Do you want to know who Dizzy Gillespie  idolized? Did you ever wonder who inspired Kenny Clarke and Art Blakey? Who was the pianist that mentored Monk, Bud Powell, Tad Dameron, Elmo Hope, Sarah Vaughan and Mel Torme? Who was Art Tatum’s idol and Nat Cole’s mentor? What musical quartet pioneered the concept adopted later by the Modern Jazz Quartet? Were you ever curious to know who taught saxophone to Stanley Turrentine or who taught piano to Ahmad Jamal? What community music school trained Robert McFerrin, Sr. for his history-making debut with the Metropolitan Opera?
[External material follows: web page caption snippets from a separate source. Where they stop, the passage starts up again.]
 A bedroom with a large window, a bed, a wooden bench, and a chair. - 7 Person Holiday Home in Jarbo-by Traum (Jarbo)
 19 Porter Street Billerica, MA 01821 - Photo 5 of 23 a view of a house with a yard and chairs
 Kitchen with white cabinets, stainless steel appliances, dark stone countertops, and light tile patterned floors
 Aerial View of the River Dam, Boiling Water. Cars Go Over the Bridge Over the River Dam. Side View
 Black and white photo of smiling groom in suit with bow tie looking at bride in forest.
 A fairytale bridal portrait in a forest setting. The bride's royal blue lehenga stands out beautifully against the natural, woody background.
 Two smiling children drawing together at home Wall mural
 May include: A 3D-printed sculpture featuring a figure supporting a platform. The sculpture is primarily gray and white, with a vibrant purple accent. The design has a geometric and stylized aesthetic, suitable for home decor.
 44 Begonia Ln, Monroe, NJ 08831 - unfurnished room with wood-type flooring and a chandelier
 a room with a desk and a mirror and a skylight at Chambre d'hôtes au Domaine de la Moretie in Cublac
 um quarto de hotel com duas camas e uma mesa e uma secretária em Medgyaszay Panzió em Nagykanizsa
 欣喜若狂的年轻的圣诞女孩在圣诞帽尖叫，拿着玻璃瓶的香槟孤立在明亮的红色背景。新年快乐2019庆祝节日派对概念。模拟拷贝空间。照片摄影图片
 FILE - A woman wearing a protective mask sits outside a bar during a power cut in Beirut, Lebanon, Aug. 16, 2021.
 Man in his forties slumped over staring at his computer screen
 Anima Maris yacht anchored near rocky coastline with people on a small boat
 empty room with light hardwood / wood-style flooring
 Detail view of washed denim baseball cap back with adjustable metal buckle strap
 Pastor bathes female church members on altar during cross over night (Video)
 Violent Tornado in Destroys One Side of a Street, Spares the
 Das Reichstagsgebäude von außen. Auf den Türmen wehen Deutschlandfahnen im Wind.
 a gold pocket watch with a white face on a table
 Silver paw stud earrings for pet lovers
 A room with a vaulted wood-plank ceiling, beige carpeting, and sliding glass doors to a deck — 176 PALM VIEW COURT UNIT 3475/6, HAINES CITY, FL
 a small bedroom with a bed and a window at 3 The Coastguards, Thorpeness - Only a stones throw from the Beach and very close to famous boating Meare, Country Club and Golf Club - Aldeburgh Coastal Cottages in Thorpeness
What virtually unknown pianist was a significant influence on young John Coltrane, Shirley Scott, McCoy Tyner, Bobby Timmons and Ray Bryant when he moved to Philadelphia from Pittsburgh in the 1940s?  Would you be surprised to know that Erroll Garner attended classes at the Julliard School of Music in New York and was at the top of his class in writing and arranging proficiency?

 

Some answers  can be gleaned from the postings on the Pittsburgh Jazz Network.

 

For almost 100 years the Pittsburgh region has been a metacenter of jazz originality that is second to no other in the history of jazz.  One of the best kept secrets in jazz folklore, the Pittsburgh Jazz Legacy has heretofore remained mythical.  We have dubbed it “the greatest story never told” since it has not been represented in writing before now in such a way as to be accessible to anyone seeking to know more about it.  When it was happening, little did we know how priceless the memories would become when the times were gone.

 

Today jazz is still king in Pittsburgh, with events, performances and activities happening all the time. The Pittsburgh Jazz Network is dedicated to celebrating and showcasing the places, artists and fans that carry on the legacy of Pittsburgh's jazz heritage.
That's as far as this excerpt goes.